- _Provided records_:
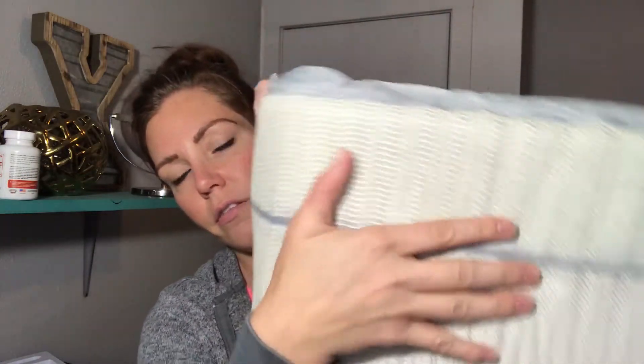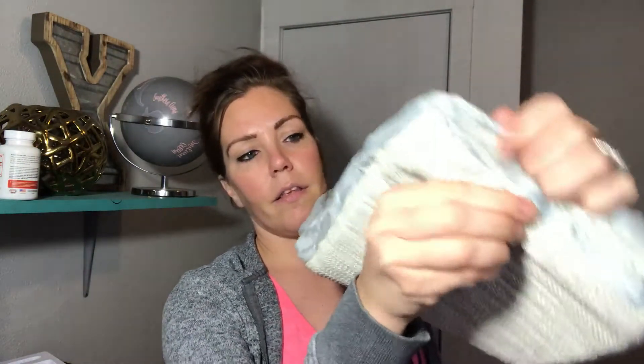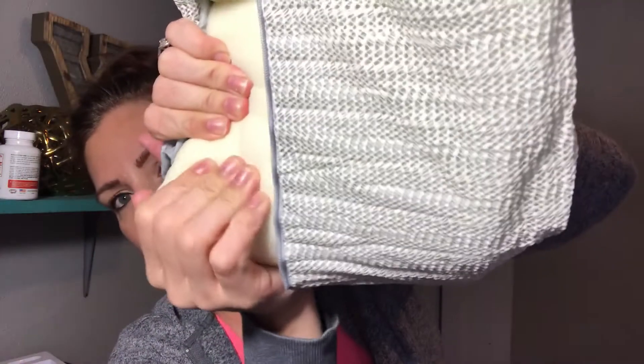Here it is — it has this non-slip side here with that material, and then you can see the zipper here. This is the water-resistant cover on it, which I love, so in case there are any spills or accidents on it. And then you can see the foam here on the inside, which is super soft.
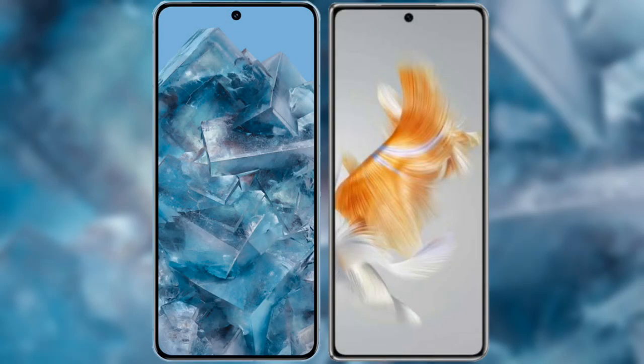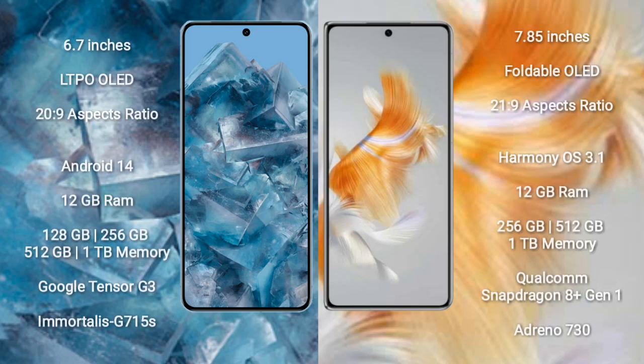I will compare the new Google Pixel 8 Pro with Huawei Mate X3. The Google Pixel 8 Pro comes with a 6.7-inch LTPO OLED display and an aspect ratio of 20:9. The Huawei Mate X3 comes with a 7.85-inch foldable OLED display and an aspect ratio of 21:9.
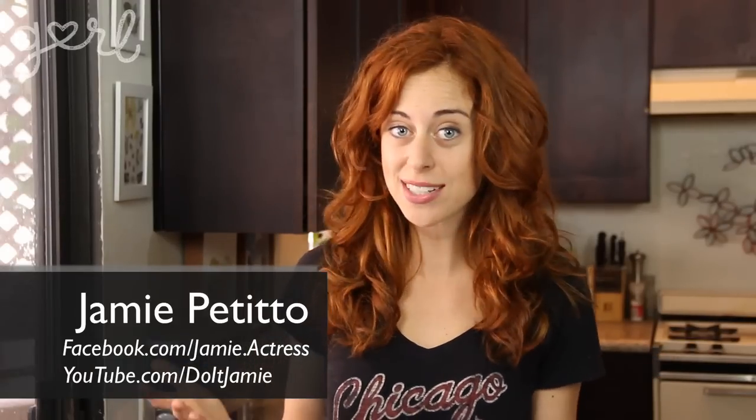Hey everybody, Jamie here. Some of you are already back in school while the rest of you are still getting your school supplies in order. And while it's really fun to make a big trip out to the store to check off all the things you need on your class list, sometimes it's not so fun to have to spend so much money on such simple things. Well, Jamie to the school supply rescue.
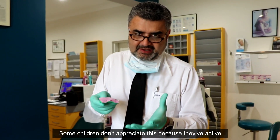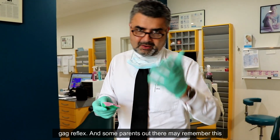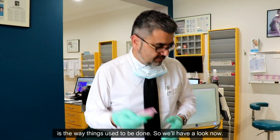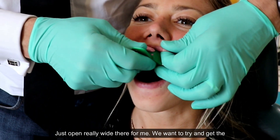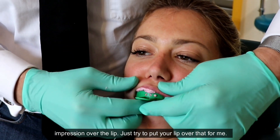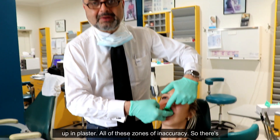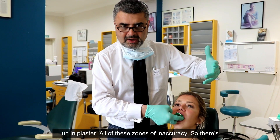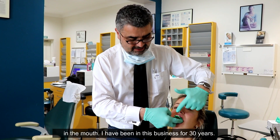Some children don't appreciate this because they have an active gag reflex, and some parents out there may remember this is the way things used to be done. We want to try and get the impression over the lip — just try and put your lip over that for me. Excellent. Then we have the ordeal of pouring it into plaster. All of these are zones of inaccuracy, so there's nothing more accurate than actually doing a one-to-one digital scan in the mouth.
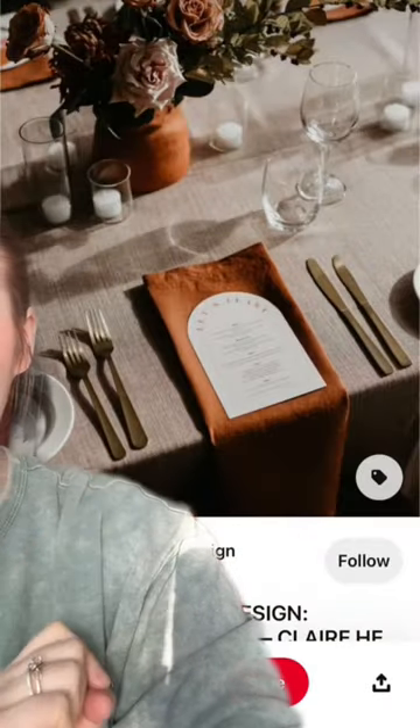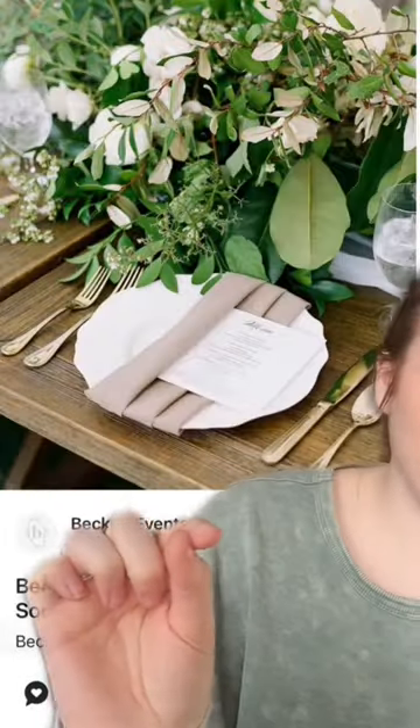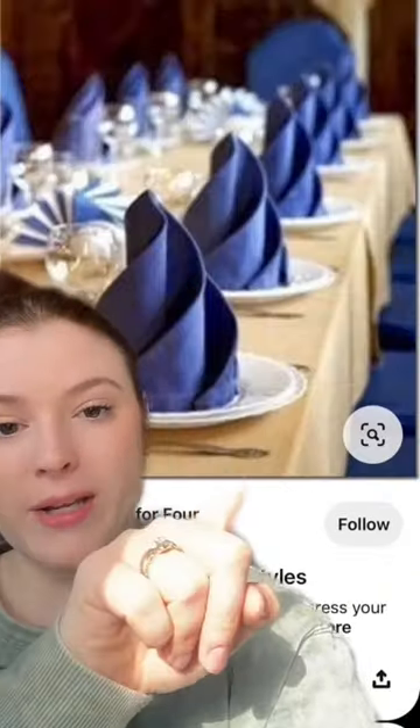Okay, napkins and stationery alone look stunning. Simple, beautiful. You can also play with different ways to fold the napkin and add a little greenery or a dried flower. Look up the different ways to fold the napkin — that's elegant as sh*t. So cute. This is extreme, but my point is you can get crafty with a napkin.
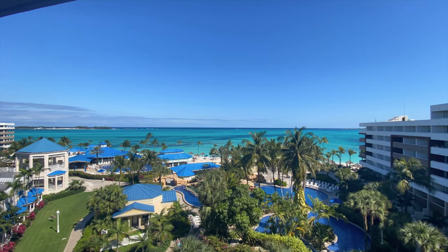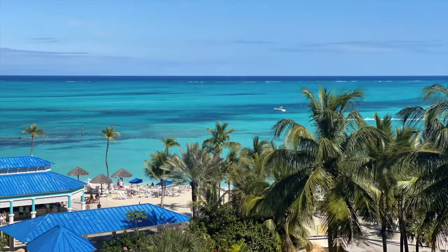Coming to you from the Bahamas! A quick tip of the day: get engaged to an amazing wedding photographer that will bring you down here as a second shooter. Then you can get a little bit of a tan, lay on the beach, and do a little bit of work.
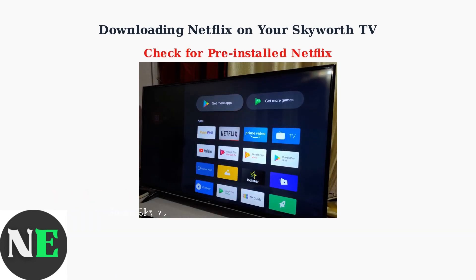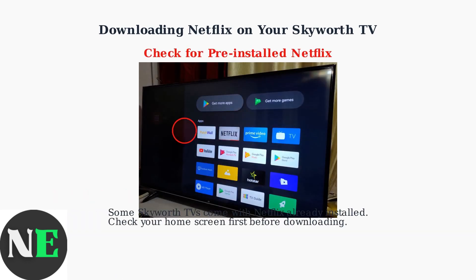Before going through the installation process, check if Netflix is already pre-installed on your TV. Some SkyWorth models come with Netflix ready to use right on the home screen.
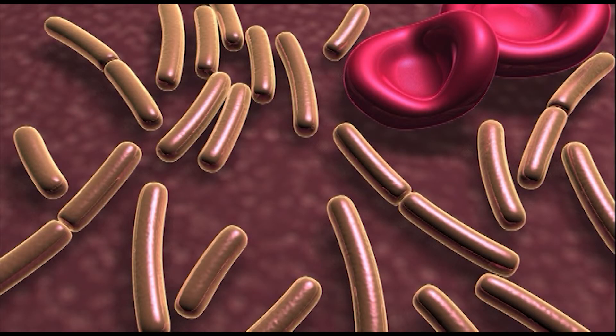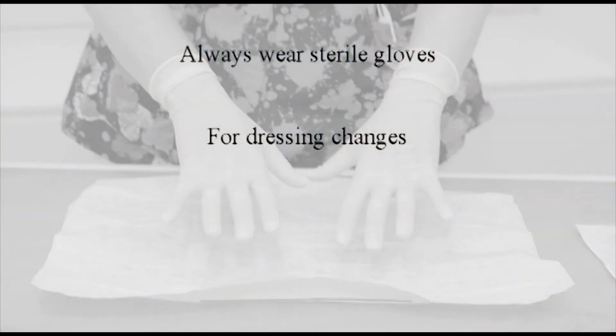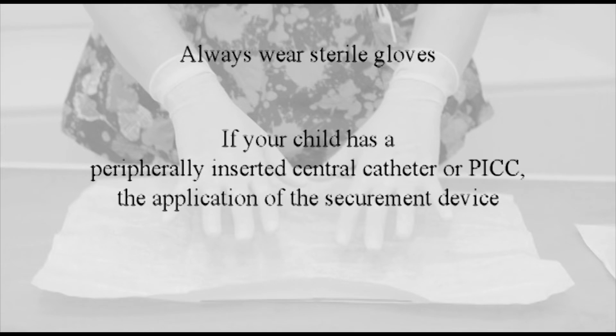To prevent infection while caring for your child's catheter, you must always wear sterile gloves for dressing changes, cap changes, and if your child has a peripherally inserted central catheter or PICC, the application of the securement device.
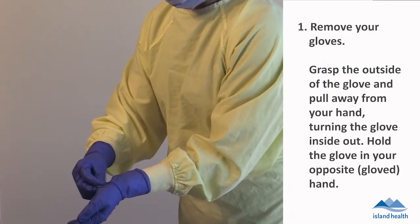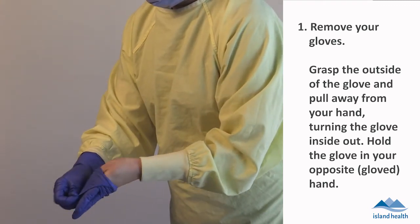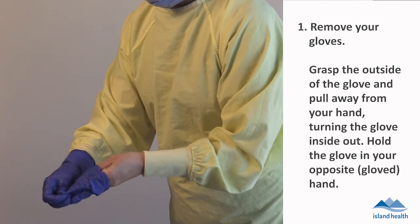Remove your gloves. Grasp the outside of the glove and pull away from your hand, turning the glove inside out. Hold the glove in your opposite or gloved hand.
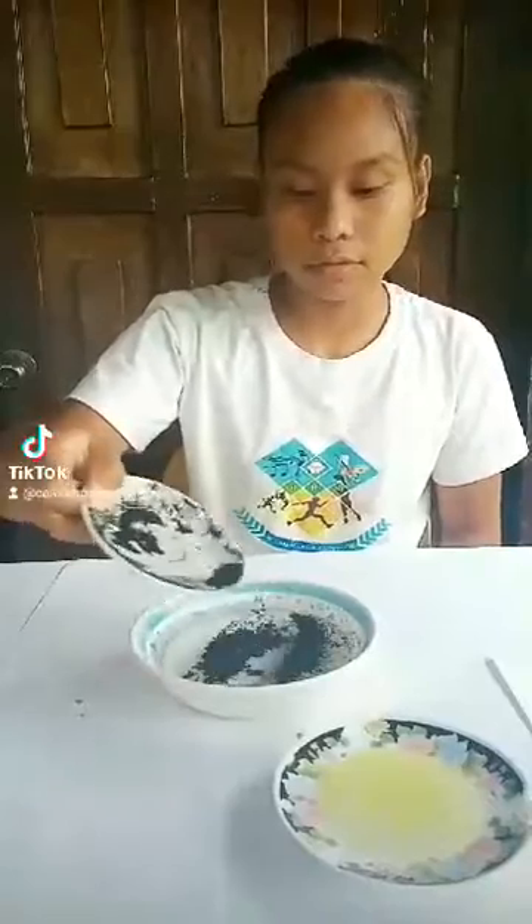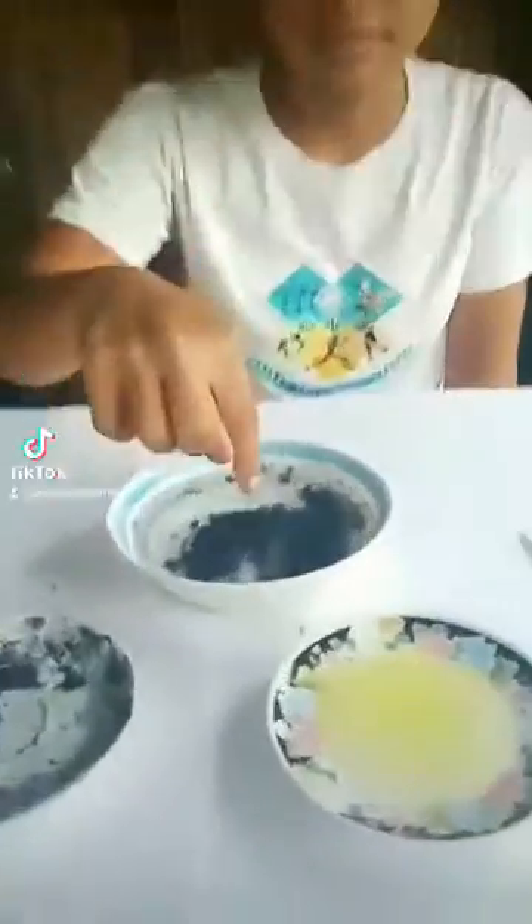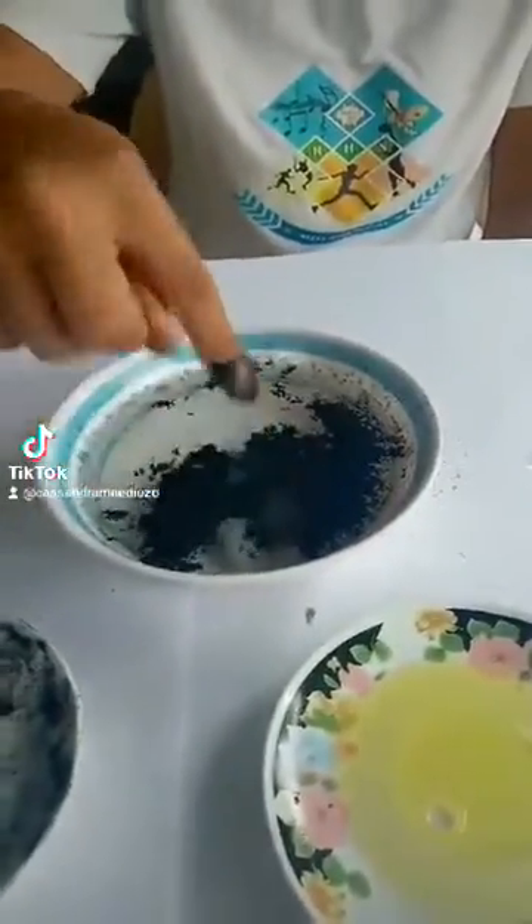So the first thing we're gonna do is to pour the powdered charcoal into the water. Then, we'll dip our finger into the mixture and we'll observe what will happen. Some of the powdered charcoal just sticks to my finger. So what if we try to put some liquid soap into our finger and dip it into the mixture?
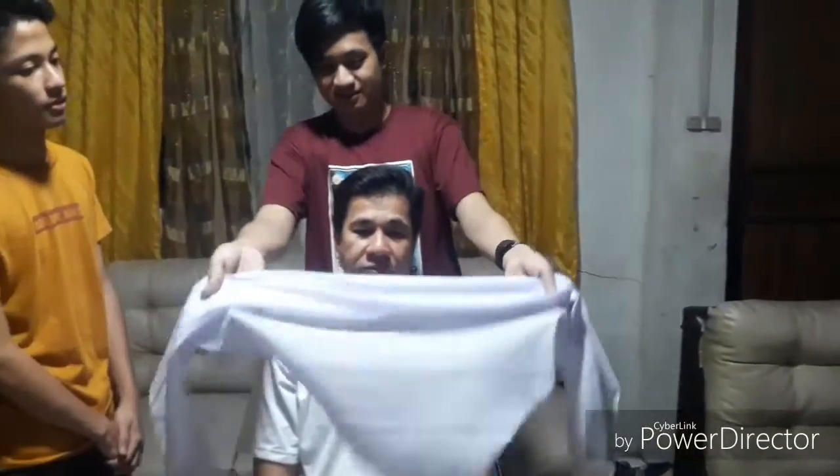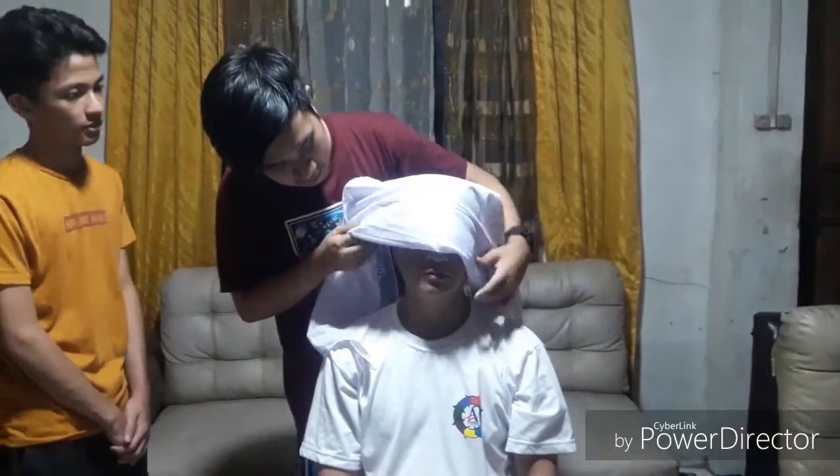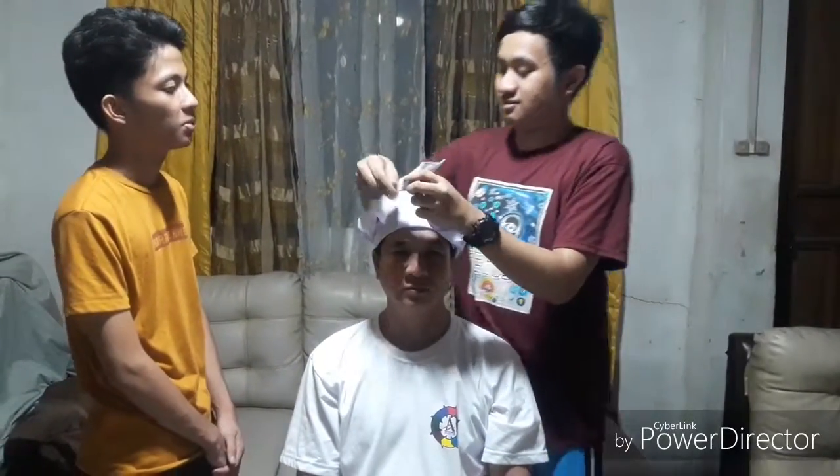Then, look at what I am going to do. After that, perform the square knot. I should perform it twice first.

- _Task instructions_:
Word for word, restate the lines from the line with "So the first" through the last line of the entries, and nothing beyond them. Omit pictures.

- _Answer section_:
So the first thing we're gonna do is to pour the powdered charcoal into the water. Then, we'll dip our finger into the mixture and we'll observe what will happen. Some of the powdered charcoal just sticks to my finger. So what if we try to put some liquid soap into our finger and dip it into the mixture?
Then, look at what I am going to do. After that, perform the square knot. I should perform it twice first.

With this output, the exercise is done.